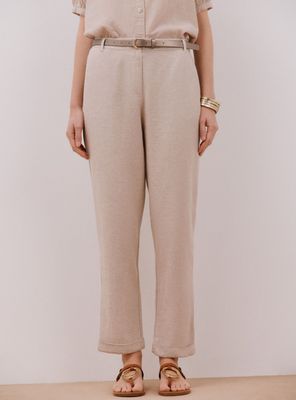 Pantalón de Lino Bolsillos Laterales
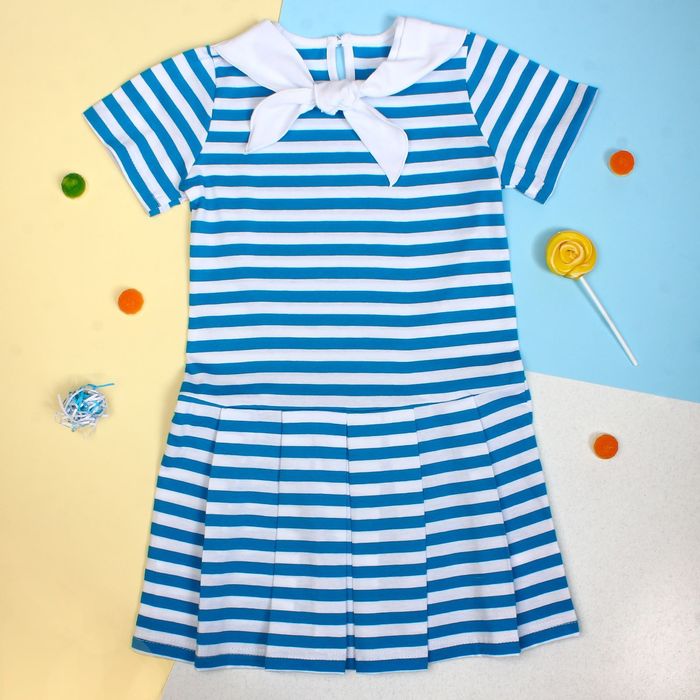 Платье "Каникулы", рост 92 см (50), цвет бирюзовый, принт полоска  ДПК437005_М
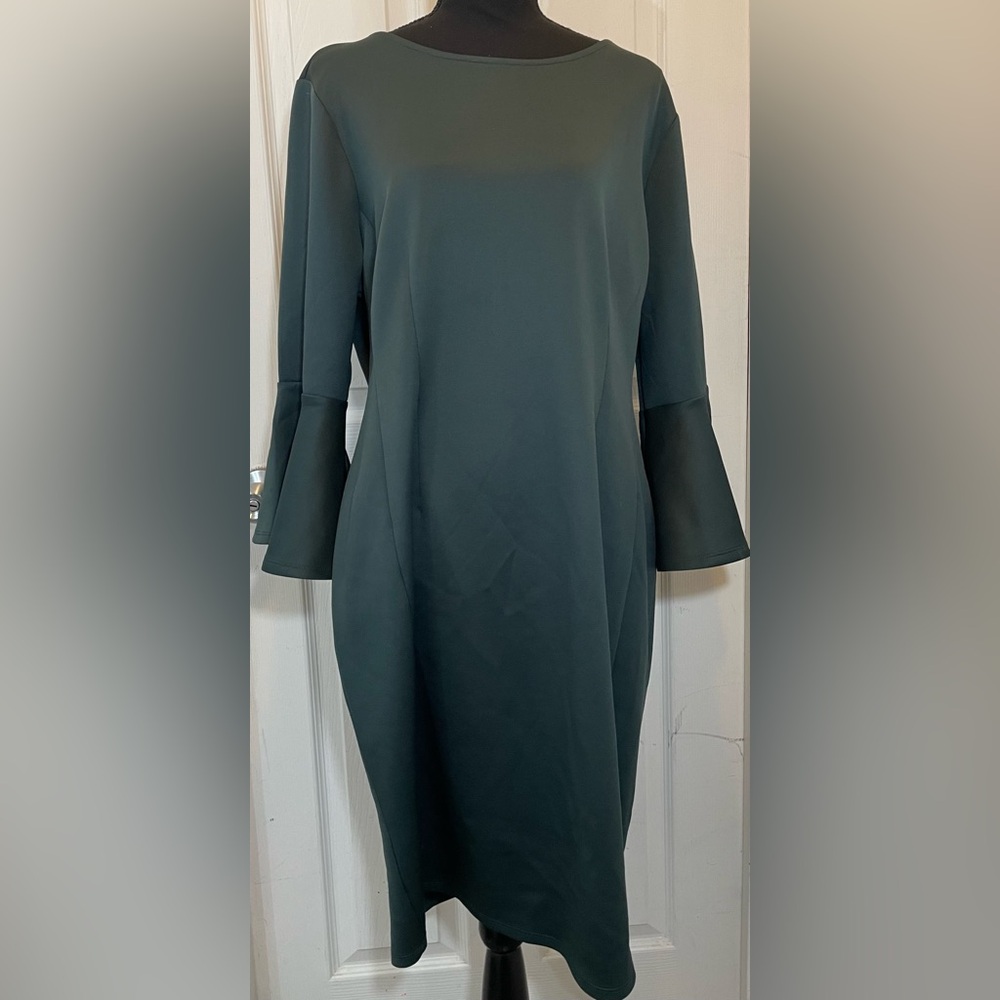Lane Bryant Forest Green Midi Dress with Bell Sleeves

------

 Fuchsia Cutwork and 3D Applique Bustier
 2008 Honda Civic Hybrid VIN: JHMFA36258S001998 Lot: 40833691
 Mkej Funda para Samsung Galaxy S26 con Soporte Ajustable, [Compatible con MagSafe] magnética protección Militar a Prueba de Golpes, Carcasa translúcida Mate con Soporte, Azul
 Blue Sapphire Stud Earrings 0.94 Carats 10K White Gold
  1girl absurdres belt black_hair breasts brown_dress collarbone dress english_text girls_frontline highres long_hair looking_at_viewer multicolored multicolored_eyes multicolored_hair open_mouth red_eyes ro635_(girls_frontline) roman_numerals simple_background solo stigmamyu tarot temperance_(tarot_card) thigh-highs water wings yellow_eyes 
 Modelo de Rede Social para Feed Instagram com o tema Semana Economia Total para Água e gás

------

### YOUR INSTRUCTIONS:
Go to the line above that contains "Pantalón de Lino Bolsillos Laterales" and reproduce everything exactly from there through the line that contains "Lane Bryant Forest", leaving out the pictures.

### ANSWER SPACE:
 Pantalón de Lino Bolsillos Laterales
 Платье "Каникулы", рост 92 см (50), цвет бирюзовый, принт полоска  ДПК437005_М
Lane Bryant Forest Green Midi Dress with Bell Sleeves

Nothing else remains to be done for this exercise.